Any of these parameters can be changed, or varied (e.g., increased or decreased) to change nitrogen oxide, carbon dioxide, sulfur oxide, and/or mercury emissions in accordance with the relationships set forth above.

Steps 412 and 416 can be implemented manually or by a computerized or automated control feedback circuit using sensors to sense one or more selected parameters, a computer to receive the sensed parameter values and issue appropriate commands, and devices to execute the commands. Microprocessor readable and executable instructions stored on a computer readable medium, such as memory or other data storage, can implement the appropriate control algorithms.

The treated off-gas 132 commonly has substantially reduced levels of nitrogen oxides and mercury compared to the off-gas 116. The additive 100 commonly causes the removal of at least 20% of the gas phase nitrogen oxides and 40% of the elemental mercury generated by combustion of the combustion feed material 104.

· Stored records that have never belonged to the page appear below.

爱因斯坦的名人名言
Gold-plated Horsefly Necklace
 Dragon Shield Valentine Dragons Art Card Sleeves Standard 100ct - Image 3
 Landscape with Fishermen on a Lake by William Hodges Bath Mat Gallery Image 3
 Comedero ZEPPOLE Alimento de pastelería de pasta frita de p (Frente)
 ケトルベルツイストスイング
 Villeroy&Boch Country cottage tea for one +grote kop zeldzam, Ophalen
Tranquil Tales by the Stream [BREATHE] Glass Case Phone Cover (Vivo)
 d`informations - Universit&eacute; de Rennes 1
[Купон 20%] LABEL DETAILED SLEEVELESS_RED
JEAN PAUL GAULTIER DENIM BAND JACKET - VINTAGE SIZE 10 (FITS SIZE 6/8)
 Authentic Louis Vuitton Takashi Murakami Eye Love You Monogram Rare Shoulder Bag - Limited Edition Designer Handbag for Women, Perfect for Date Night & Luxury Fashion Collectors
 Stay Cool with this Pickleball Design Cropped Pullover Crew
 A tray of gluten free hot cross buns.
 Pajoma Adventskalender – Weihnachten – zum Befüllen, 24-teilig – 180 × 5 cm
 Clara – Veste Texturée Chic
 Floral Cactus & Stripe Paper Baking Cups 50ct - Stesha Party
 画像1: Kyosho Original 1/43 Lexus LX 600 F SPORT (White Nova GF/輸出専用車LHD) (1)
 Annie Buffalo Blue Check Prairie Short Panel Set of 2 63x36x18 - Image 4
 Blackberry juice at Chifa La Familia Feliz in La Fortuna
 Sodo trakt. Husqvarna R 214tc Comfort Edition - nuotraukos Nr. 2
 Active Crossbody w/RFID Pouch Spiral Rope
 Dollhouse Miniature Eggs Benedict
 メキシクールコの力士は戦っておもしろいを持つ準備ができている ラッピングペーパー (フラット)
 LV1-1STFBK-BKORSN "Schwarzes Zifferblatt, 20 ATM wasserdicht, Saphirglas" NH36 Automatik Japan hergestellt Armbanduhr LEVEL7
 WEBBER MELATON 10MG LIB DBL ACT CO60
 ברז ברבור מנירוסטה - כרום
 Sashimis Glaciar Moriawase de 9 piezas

Reductions in the amount of a gas phase pollutant are determined in comparison to untreated fuel. Such reductions can be measured in percent, absolute weight or in “fold” reduction. In an embodiment, treatment of fuel with the additive 100 reduces the emission of at least one pollutant by at least about 10%, 20%, 30%, 40%, 50%, 60%, 70%, 80%, 90%, 95% or 100%. In another embodiment, treatment of fuel with the additive 100 reduces the emission of at least one pollutant by two-fold, three-fold, four-fold, five-fold, or ten-fold. In another embodiment, treatment of fuel with the additive reduces the emission of one or more of NOx and total mercury to less than about 500 ppmv, 250 ppmv, 100 ppmv, 50 ppmv, 25 ppmv, 10 ppmv, 5 ppmv, 4 ppmv, 3 ppmv, 2 ppmv, 1 ppmv, 0.1 ppmv, or 0.01 ppmv. As noted, the pollutant is one or both of nitrogen oxides and total or elemental mercury.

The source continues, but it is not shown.